§ **Exercise aim**
Output must match the records, character for character.
(Exercise data begins)
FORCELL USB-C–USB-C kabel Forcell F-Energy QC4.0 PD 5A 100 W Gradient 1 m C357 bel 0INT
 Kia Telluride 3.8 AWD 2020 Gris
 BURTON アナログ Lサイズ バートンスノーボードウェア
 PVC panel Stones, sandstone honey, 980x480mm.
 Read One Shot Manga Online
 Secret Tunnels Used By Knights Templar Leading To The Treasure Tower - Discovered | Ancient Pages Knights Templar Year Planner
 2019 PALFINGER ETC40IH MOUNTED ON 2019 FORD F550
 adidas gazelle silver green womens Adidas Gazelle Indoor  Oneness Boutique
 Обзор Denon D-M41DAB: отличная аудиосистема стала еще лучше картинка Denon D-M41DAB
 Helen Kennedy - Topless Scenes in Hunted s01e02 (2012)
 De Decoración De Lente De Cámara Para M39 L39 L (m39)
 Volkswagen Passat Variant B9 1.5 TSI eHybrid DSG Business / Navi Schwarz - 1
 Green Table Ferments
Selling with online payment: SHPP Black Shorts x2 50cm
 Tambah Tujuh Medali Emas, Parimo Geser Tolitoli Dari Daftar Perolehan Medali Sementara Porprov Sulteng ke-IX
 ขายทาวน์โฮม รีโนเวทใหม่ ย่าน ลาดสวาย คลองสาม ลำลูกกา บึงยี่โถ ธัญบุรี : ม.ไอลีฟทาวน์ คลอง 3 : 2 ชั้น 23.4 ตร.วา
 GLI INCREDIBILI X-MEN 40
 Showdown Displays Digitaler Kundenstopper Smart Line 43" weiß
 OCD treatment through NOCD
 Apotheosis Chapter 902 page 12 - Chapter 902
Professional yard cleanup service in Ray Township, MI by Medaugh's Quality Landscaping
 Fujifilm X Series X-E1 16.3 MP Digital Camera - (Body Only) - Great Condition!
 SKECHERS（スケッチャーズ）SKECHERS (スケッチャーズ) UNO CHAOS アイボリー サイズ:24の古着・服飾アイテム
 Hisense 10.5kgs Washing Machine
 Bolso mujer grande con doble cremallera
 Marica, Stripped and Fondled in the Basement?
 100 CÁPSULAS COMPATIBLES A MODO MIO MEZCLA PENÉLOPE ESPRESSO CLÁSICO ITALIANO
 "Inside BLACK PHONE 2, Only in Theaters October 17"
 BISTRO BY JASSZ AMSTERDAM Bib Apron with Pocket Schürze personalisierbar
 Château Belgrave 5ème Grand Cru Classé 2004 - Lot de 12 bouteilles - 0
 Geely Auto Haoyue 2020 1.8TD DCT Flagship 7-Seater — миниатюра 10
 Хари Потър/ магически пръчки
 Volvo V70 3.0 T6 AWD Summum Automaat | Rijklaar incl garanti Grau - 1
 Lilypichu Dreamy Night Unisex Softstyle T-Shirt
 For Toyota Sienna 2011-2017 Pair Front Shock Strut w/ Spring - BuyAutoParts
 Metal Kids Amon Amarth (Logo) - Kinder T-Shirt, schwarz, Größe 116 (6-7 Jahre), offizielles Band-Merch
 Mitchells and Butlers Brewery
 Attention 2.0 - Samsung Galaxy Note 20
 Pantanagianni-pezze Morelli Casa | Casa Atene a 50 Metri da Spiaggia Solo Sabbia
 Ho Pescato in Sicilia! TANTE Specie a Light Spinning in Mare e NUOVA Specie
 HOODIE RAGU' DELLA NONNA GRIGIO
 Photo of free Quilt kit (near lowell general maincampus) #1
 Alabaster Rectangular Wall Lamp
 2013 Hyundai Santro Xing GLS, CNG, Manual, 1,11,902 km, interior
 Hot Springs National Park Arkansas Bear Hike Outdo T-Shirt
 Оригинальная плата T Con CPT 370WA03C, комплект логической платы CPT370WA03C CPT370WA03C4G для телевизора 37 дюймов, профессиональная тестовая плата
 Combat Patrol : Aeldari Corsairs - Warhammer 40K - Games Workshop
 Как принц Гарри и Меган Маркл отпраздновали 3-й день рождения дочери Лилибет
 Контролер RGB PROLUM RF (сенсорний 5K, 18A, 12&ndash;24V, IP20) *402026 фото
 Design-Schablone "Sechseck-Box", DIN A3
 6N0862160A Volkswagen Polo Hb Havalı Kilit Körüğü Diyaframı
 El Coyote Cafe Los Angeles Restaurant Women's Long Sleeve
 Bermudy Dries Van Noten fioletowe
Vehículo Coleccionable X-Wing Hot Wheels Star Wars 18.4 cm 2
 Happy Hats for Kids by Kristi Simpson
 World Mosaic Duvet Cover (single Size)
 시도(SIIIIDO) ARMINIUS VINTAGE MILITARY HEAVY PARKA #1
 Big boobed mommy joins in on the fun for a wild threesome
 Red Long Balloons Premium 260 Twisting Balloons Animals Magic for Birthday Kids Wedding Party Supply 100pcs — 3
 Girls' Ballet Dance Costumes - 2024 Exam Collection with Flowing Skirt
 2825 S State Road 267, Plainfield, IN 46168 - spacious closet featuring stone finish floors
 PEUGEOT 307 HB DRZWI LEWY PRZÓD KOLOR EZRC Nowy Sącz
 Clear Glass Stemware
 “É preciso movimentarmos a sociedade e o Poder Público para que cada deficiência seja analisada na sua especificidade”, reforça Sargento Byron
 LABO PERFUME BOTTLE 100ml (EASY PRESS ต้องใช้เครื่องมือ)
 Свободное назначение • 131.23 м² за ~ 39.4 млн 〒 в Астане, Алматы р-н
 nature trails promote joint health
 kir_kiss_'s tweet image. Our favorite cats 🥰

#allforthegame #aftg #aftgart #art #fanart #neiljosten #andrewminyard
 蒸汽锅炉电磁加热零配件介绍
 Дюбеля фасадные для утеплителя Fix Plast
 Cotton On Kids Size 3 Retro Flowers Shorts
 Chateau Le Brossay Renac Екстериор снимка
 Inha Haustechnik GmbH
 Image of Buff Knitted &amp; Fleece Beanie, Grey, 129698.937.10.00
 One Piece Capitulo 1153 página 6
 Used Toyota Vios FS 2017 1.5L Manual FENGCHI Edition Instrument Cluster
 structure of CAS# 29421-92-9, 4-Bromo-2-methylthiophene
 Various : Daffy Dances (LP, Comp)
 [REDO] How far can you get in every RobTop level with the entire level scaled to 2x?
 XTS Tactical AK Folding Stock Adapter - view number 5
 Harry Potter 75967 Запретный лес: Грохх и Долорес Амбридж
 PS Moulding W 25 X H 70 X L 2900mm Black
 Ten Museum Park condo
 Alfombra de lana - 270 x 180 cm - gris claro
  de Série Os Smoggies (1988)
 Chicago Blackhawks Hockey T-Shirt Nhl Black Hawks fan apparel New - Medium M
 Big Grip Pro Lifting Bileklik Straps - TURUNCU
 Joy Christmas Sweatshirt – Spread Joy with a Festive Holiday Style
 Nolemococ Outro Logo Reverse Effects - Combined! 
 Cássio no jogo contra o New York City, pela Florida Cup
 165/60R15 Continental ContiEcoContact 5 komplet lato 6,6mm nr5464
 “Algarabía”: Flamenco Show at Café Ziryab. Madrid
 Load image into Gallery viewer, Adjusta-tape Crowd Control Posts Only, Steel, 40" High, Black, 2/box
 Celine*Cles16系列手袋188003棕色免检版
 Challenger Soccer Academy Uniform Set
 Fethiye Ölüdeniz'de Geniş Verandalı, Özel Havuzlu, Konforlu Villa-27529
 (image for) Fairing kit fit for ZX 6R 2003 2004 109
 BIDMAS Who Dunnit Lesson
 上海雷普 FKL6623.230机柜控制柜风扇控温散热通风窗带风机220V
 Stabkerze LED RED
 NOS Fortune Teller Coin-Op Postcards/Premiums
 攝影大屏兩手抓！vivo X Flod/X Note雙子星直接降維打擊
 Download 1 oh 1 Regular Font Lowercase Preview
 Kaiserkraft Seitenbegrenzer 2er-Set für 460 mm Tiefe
(Exercise data ends)
§ **Solution**
FORCELL USB-C–USB-C kabel Forcell F-Energy QC4.0 PD 5A 100 W Gradient 1 m C357 bel 0INT
 Kia Telluride 3.8 AWD 2020 Gris
 BURTON アナログ Lサイズ バートンスノーボードウェア
 PVC panel Stones, sandstone honey, 980x480mm.
 Read One Shot Manga Online
 Secret Tunnels Used By Knights Templar Leading To The Treasure Tower - Discovered | Ancient Pages Knights Templar Year Planner
 2019 PALFINGER ETC40IH MOUNTED ON 2019 FORD F550
 adidas gazelle silver green womens Adidas Gazelle Indoor  Oneness Boutique
 Обзор Denon D-M41DAB: отличная аудиосистема стала еще лучше картинка Denon D-M41DAB
 Helen Kennedy - Topless Scenes in Hunted s01e02 (2012)
 De Decoración De Lente De Cámara Para M39 L39 L (m39)
 Volkswagen Passat Variant B9 1.5 TSI eHybrid DSG Business / Navi Schwarz - 1
 Green Table Ferments
Selling with online payment: SHPP Black Shorts x2 50cm
 Tambah Tujuh Medali Emas, Parimo Geser Tolitoli Dari Daftar Perolehan Medali Sementara Porprov Sulteng ke-IX
 ขายทาวน์โฮม รีโนเวทใหม่ ย่าน ลาดสวาย คลองสาม ลำลูกกา บึงยี่โถ ธัญบุรี : ม.ไอลีฟทาวน์ คลอง 3 : 2 ชั้น 23.4 ตร.วา
 GLI INCREDIBILI X-MEN 40
 Showdown Displays Digitaler Kundenstopper Smart Line 43" weiß
 OCD treatment through NOCD
 Apotheosis Chapter 902 page 12 - Chapter 902
Professional yard cleanup service in Ray Township, MI by Medaugh's Quality Landscaping
 Fujifilm X Series X-E1 16.3 MP Digital Camera - (Body Only) - Great Condition!
 SKECHERS（スケッチャーズ）SKECHERS (スケッチャーズ) UNO CHAOS アイボリー サイズ:24の古着・服飾アイテム
 Hisense 10.5kgs Washing Machine
 Bolso mujer grande con doble cremallera
 Marica, Stripped and Fondled in the Basement?
 100 CÁPSULAS COMPATIBLES A MODO MIO MEZCLA PENÉLOPE ESPRESSO CLÁSICO ITALIANO
 "Inside BLACK PHONE 2, Only in Theaters October 17"
 BISTRO BY JASSZ AMSTERDAM Bib Apron with Pocket Schürze personalisierbar
 Château Belgrave 5ème Grand Cru Classé 2004 - Lot de 12 bouteilles - 0
 Geely Auto Haoyue 2020 1.8TD DCT Flagship 7-Seater — миниатюра 10
 Хари Потър/ магически пръчки
 Volvo V70 3.0 T6 AWD Summum Automaat | Rijklaar incl garanti Grau - 1
 Lilypichu Dreamy Night Unisex Softstyle T-Shirt
 For Toyota Sienna 2011-2017 Pair Front Shock Strut w/ Spring - BuyAutoParts
 Metal Kids Amon Amarth (Logo) - Kinder T-Shirt, schwarz, Größe 116 (6-7 Jahre), offizielles Band-Merch
 Mitchells and Butlers Brewery
 Attention 2.0 - Samsung Galaxy Note 20
 Pantanagianni-pezze Morelli Casa | Casa Atene a 50 Metri da Spiaggia Solo Sabbia
 Ho Pescato in Sicilia! TANTE Specie a Light Spinning in Mare e NUOVA Specie
 HOODIE RAGU' DELLA NONNA GRIGIO
 Photo of free Quilt kit (near lowell general maincampus) #1
 Alabaster Rectangular Wall Lamp
 2013 Hyundai Santro Xing GLS, CNG, Manual, 1,11,902 km, interior
 Hot Springs National Park Arkansas Bear Hike Outdo T-Shirt
 Оригинальная плата T Con CPT 370WA03C, комплект логической платы CPT370WA03C CPT370WA03C4G для телевизора 37 дюймов, профессиональная тестовая плата
 Combat Patrol : Aeldari Corsairs - Warhammer 40K - Games Workshop
 Как принц Гарри и Меган Маркл отпраздновали 3-й день рождения дочери Лилибет
 Контролер RGB PROLUM RF (сенсорний 5K, 18A, 12&ndash;24V, IP20) *402026 фото
 Design-Schablone "Sechseck-Box", DIN A3
 6N0862160A Volkswagen Polo Hb Havalı Kilit Körüğü Diyaframı
 El Coyote Cafe Los Angeles Restaurant Women's Long Sleeve
 Bermudy Dries Van Noten fioletowe
Vehículo Coleccionable X-Wing Hot Wheels Star Wars 18.4 cm 2
 Happy Hats for Kids by Kristi Simpson
 World Mosaic Duvet Cover (single Size)
 시도(SIIIIDO) ARMINIUS VINTAGE MILITARY HEAVY PARKA #1
 Big boobed mommy joins in on the fun for a wild threesome
 Red Long Balloons Premium 260 Twisting Balloons Animals Magic for Birthday Kids Wedding Party Supply 100pcs — 3
 Girls' Ballet Dance Costumes - 2024 Exam Collection with Flowing Skirt
 2825 S State Road 267, Plainfield, IN 46168 - spacious closet featuring stone finish floors
 PEUGEOT 307 HB DRZWI LEWY PRZÓD KOLOR EZRC Nowy Sącz
 Clear Glass Stemware
 “É preciso movimentarmos a sociedade e o Poder Público para que cada deficiência seja analisada na sua especificidade”, reforça Sargento Byron
 LABO PERFUME BOTTLE 100ml (EASY PRESS ต้องใช้เครื่องมือ)
 Свободное назначение • 131.23 м² за ~ 39.4 млн 〒 в Астане, Алматы р-н
 nature trails promote joint health
 kir_kiss_'s tweet image. Our favorite cats 🥰

#allforthegame #aftg #aftgart #art #fanart #neiljosten #andrewminyard
 蒸汽锅炉电磁加热零配件介绍
 Дюбеля фасадные для утеплителя Fix Plast
 Cotton On Kids Size 3 Retro Flowers Shorts
 Chateau Le Brossay Renac Екстериор снимка
 Inha Haustechnik GmbH
 Image of Buff Knitted &amp; Fleece Beanie, Grey, 129698.937.10.00
 One Piece Capitulo 1153 página 6
 Used Toyota Vios FS 2017 1.5L Manual FENGCHI Edition Instrument Cluster
 structure of CAS# 29421-92-9, 4-Bromo-2-methylthiophene
 Various : Daffy Dances (LP, Comp)
 [REDO] How far can you get in every RobTop level with the entire level scaled to 2x?
 XTS Tactical AK Folding Stock Adapter - view number 5
 Harry Potter 75967 Запретный лес: Грохх и Долорес Амбридж
 PS Moulding W 25 X H 70 X L 2900mm Black
 Ten Museum Park condo
 Alfombra de lana - 270 x 180 cm - gris claro
  de Série Os Smoggies (1988)
 Chicago Blackhawks Hockey T-Shirt Nhl Black Hawks fan apparel New - Medium M
 Big Grip Pro Lifting Bileklik Straps - TURUNCU
 Joy Christmas Sweatshirt – Spread Joy with a Festive Holiday Style
 Nolemococ Outro Logo Reverse Effects - Combined! 
 Cássio no jogo contra o New York City, pela Florida Cup
 165/60R15 Continental ContiEcoContact 5 komplet lato 6,6mm nr5464
 “Algarabía”: Flamenco Show at Café Ziryab. Madrid
 Load image into Gallery viewer, Adjusta-tape Crowd Control Posts Only, Steel, 40" High, Black, 2/box
 Celine*Cles16系列手袋188003棕色免检版
 Challenger Soccer Academy Uniform Set
 Fethiye Ölüdeniz'de Geniş Verandalı, Özel Havuzlu, Konforlu Villa-27529
 (image for) Fairing kit fit for ZX 6R 2003 2004 109
 BIDMAS Who Dunnit Lesson
 上海雷普 FKL6623.230机柜控制柜风扇控温散热通风窗带风机220V
 Stabkerze LED RED
 NOS Fortune Teller Coin-Op Postcards/Premiums
 攝影大屏兩手抓！vivo X Flod/X Note雙子星直接降維打擊
 Download 1 oh 1 Regular Font Lowercase Preview
 Kaiserkraft Seitenbegrenzer 2er-Set für 460 mm Tiefe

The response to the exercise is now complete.